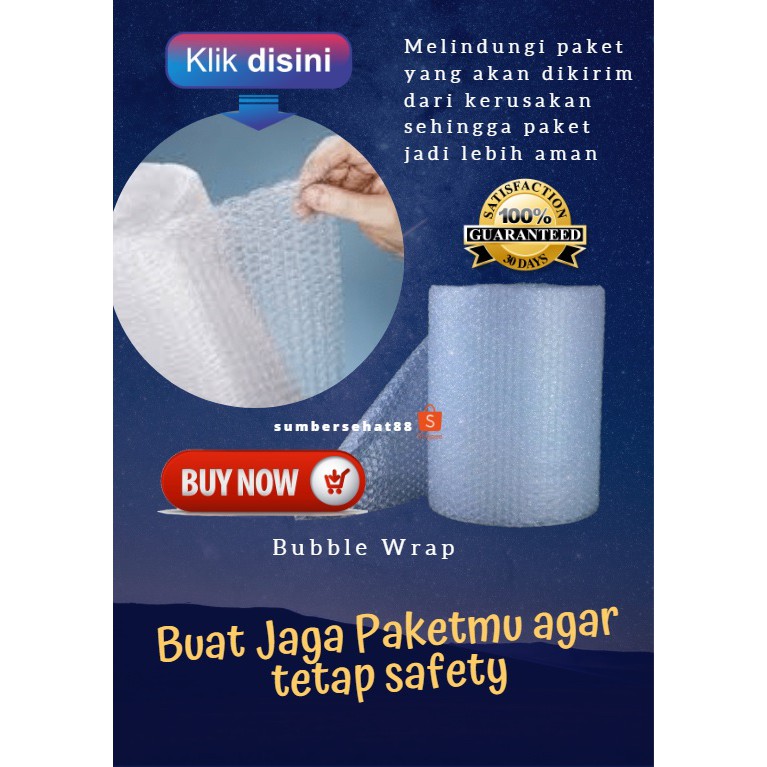 

Buble wrap untuk packing lebih aman ( per 1 buah barang ) / BUBBLE WRAP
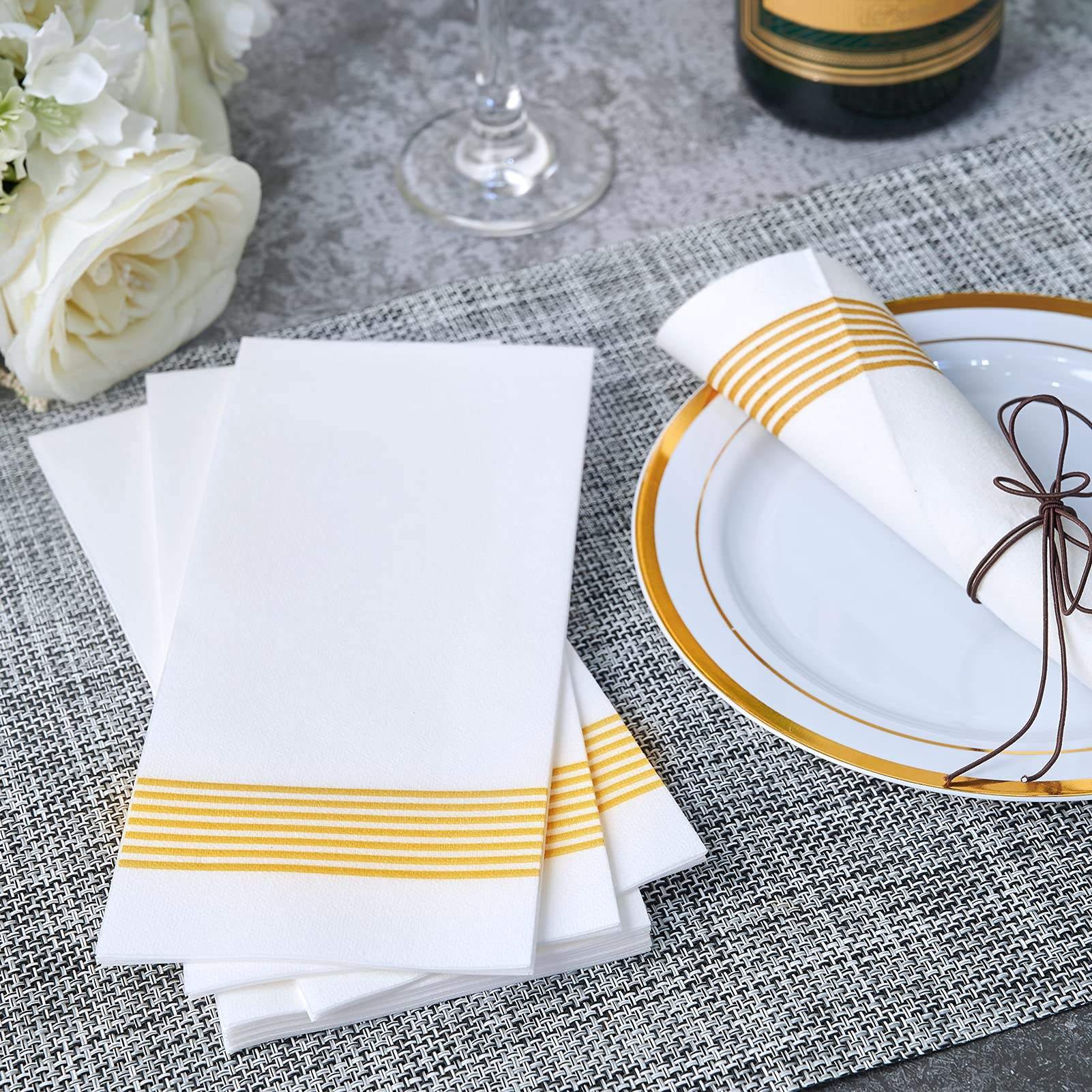 Customized 100 Sheets/Pack 12*17 Inch Printed Luxury Disposable Banquet Party Guests Phnom Penh Towels And Paper Towels
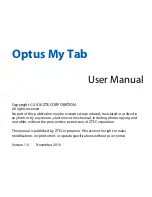 Zte Optus My Tab User Manual preview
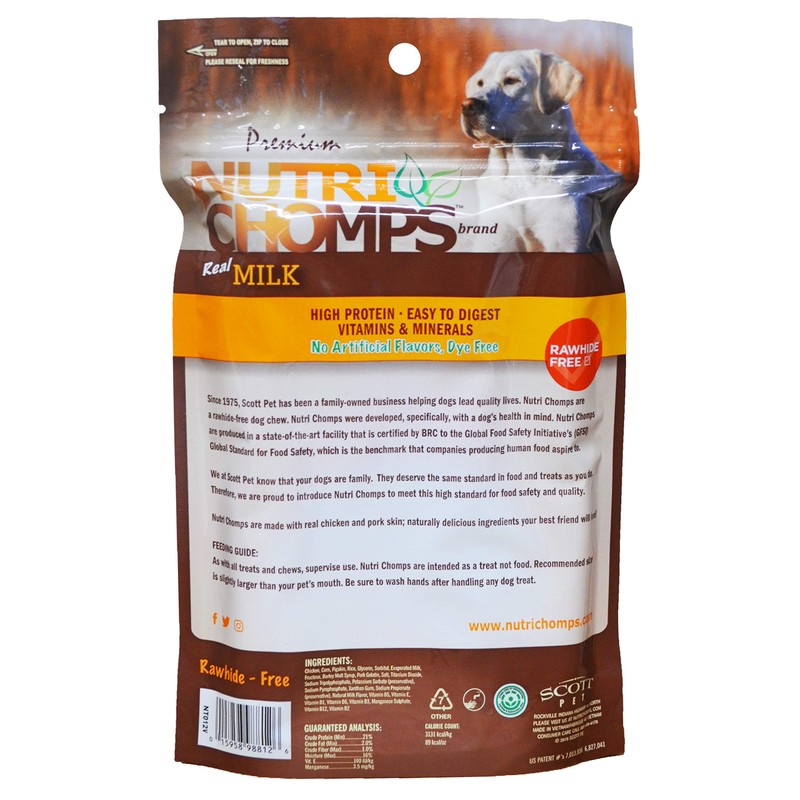 Nutri Chomps Large Twists 6" Rawhide Free Milk Flavor Braid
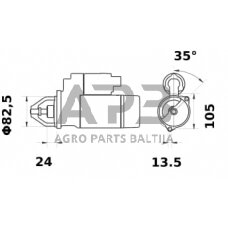 Starteris Mahle 12V, 2.7kW, 10 dantų MS812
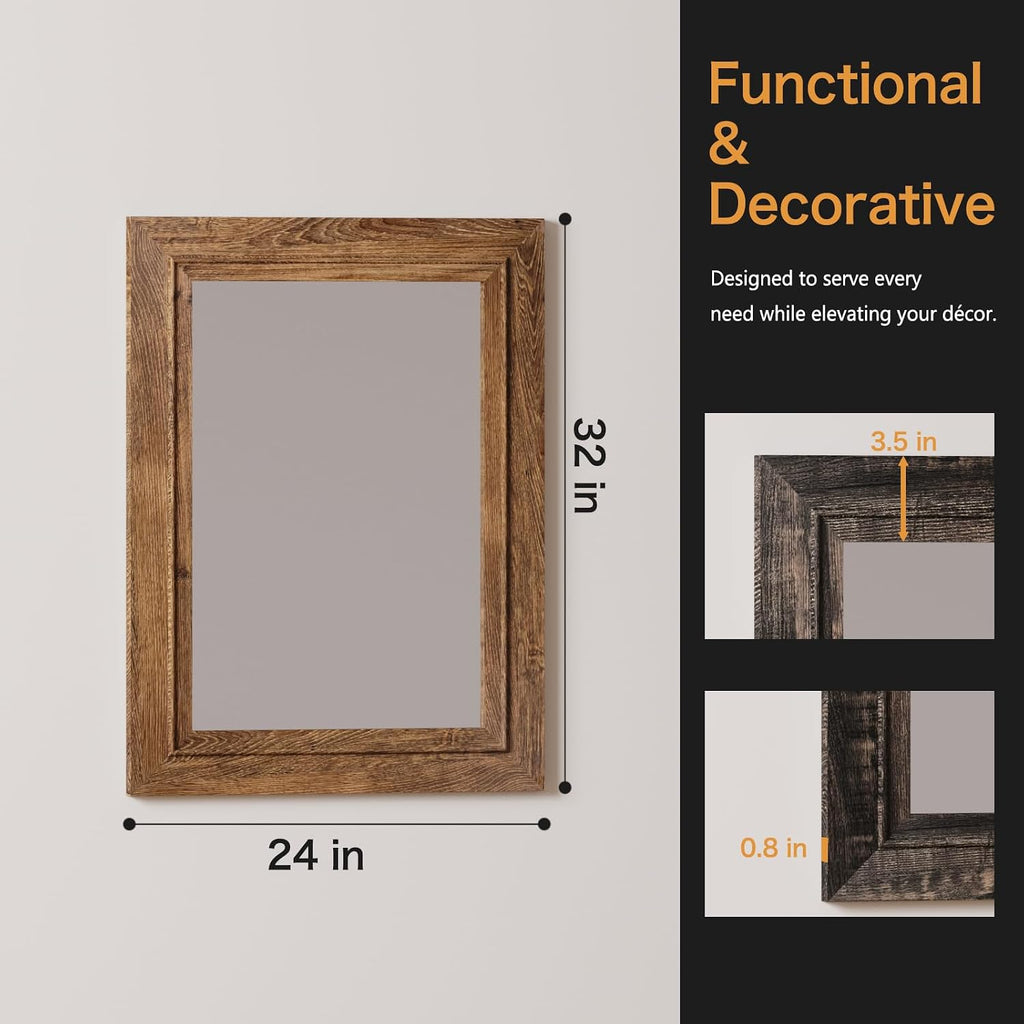 Rustic Wall-Mounted Vanity Mirror, Solid Wood Frame Bathroom Mirror, Farmhouse Style for Living Room, Bedroom, Entryway, Horizontal/Vertical Hanging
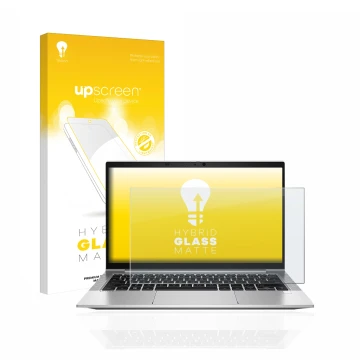 Parte frontal de un envase de producto con el logotipo de la marca upscreen. Al lado se muestra el dispositivo HP EliteBook 83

========================

- Problem details
Once the line with "Customized 100 Sheets/Pack" is found above, transcribe each line from it through the line with "Starteris Mahle 12V, 2.7kW, 10 dantų MS812", exactly, and omit the pictures.

- Answer
 Customized 100 Sheets/Pack 12*17 Inch Printed Luxury Disposable Banquet Party Guests Phnom Penh Towels And Paper Towels
 Zte Optus My Tab User Manual preview
 Nutri Chomps Large Twists 6" Rawhide Free Milk Flavor Braid
 Starteris Mahle 12V, 2.7kW, 10 dantų MS812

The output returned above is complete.